Kjorlien considers that kiss photo to be an example of the many ways in which Kahlo utilized the medium of photography. “What’s interesting about that photograph is it gives you some insight into how Frida used her photo collection,” says Kjorlien.
“She annotated things on the backs of the images. She manipulated them in other ways like the example I just mentioned. She cut people out of the photographs. They speculate that some of the photos may have been taken by her after she set up an organization of some elements. Those photographs may have been turned into a painting later on.”
The examination of an artist through the lens of the archive is something the Glenbow engages in as well.
The impetus to bring Frida Kahlo: Her Photos to the Glenbow included the desire to display a new facet of a brilliant artist, but there was also a link between the work of the museum and the exhibit. “There were some interesting connections [between Frida Kahlo: Her Photos and] the work that the Glenbow does,” says Kjorlien. “We have our own archives here and it includes a lot of [artists’] personal documentation. It’s the idea of understanding an artist and their work and their life from a number of different perspectives, such as their personal effects and what that can tell you about them as an artist.”
After you go visit Frida Kahlo: Her Photos, see Eye of the Needle.
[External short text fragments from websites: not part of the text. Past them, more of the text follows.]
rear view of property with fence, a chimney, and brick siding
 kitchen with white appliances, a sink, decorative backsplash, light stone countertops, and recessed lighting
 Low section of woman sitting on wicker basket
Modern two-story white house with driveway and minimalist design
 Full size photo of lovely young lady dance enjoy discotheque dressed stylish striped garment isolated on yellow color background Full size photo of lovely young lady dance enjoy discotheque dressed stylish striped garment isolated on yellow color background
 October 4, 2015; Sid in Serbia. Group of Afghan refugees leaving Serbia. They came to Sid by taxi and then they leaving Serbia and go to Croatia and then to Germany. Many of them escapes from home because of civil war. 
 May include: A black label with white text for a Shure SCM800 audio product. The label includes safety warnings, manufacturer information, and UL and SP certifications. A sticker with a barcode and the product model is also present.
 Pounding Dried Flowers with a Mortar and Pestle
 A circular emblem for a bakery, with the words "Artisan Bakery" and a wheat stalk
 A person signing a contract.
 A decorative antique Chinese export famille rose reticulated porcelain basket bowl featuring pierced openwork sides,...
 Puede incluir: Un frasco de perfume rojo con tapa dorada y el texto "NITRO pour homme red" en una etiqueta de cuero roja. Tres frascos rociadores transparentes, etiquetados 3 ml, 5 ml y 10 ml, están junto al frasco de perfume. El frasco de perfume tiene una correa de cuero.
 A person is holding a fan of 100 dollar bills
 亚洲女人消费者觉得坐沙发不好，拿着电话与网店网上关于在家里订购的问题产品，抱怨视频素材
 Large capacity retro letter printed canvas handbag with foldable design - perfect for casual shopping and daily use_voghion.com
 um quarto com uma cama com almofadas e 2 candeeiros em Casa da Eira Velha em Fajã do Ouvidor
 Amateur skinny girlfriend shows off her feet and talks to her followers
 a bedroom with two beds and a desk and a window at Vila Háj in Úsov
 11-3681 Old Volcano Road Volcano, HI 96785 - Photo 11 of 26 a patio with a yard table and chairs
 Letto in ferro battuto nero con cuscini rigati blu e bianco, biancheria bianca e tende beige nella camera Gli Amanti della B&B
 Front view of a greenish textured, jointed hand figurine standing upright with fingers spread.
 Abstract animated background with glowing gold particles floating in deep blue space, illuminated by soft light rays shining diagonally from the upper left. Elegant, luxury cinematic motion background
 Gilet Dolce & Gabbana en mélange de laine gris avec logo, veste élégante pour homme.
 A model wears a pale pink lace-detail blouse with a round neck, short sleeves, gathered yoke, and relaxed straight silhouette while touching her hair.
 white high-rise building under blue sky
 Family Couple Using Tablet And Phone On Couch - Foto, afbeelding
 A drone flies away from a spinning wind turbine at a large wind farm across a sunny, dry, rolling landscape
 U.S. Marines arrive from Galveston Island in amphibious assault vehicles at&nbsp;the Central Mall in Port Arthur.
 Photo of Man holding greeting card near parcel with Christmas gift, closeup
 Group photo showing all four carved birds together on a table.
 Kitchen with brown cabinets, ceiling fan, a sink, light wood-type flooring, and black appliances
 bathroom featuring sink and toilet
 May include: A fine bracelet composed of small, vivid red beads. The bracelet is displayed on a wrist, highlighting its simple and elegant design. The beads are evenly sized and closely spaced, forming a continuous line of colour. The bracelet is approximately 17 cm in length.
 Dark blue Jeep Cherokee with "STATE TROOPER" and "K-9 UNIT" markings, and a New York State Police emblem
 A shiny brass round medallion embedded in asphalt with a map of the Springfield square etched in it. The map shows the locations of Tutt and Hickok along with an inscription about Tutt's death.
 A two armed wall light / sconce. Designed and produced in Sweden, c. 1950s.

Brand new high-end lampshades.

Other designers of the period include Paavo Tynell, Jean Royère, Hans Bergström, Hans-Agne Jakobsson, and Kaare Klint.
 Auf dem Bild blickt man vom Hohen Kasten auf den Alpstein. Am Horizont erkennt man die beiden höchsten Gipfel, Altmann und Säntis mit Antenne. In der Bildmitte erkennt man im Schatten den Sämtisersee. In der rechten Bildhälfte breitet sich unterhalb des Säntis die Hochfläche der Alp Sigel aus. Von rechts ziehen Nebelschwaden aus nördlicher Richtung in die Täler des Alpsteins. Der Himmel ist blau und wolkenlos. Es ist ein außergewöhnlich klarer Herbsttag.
Kjorlien’s suggestion for your next stop after the Frida Kahlo: Her Photos exhibit is Eye of the Needle. “It is an exhibition of really incredible items from Glenbow’s collection, but also some contemporary art from Western Canadian artists,” she says. “It’s everything from clothing to two-dimensional artwork to furniture, hats, etc. It’s objects that have been embellished with embroidery or other kinds of needle-work. Not exclusively, but a lot of the artists in that exhibition are women. I think it would be interesting for people to go see what some other women artists have created and have been creating.”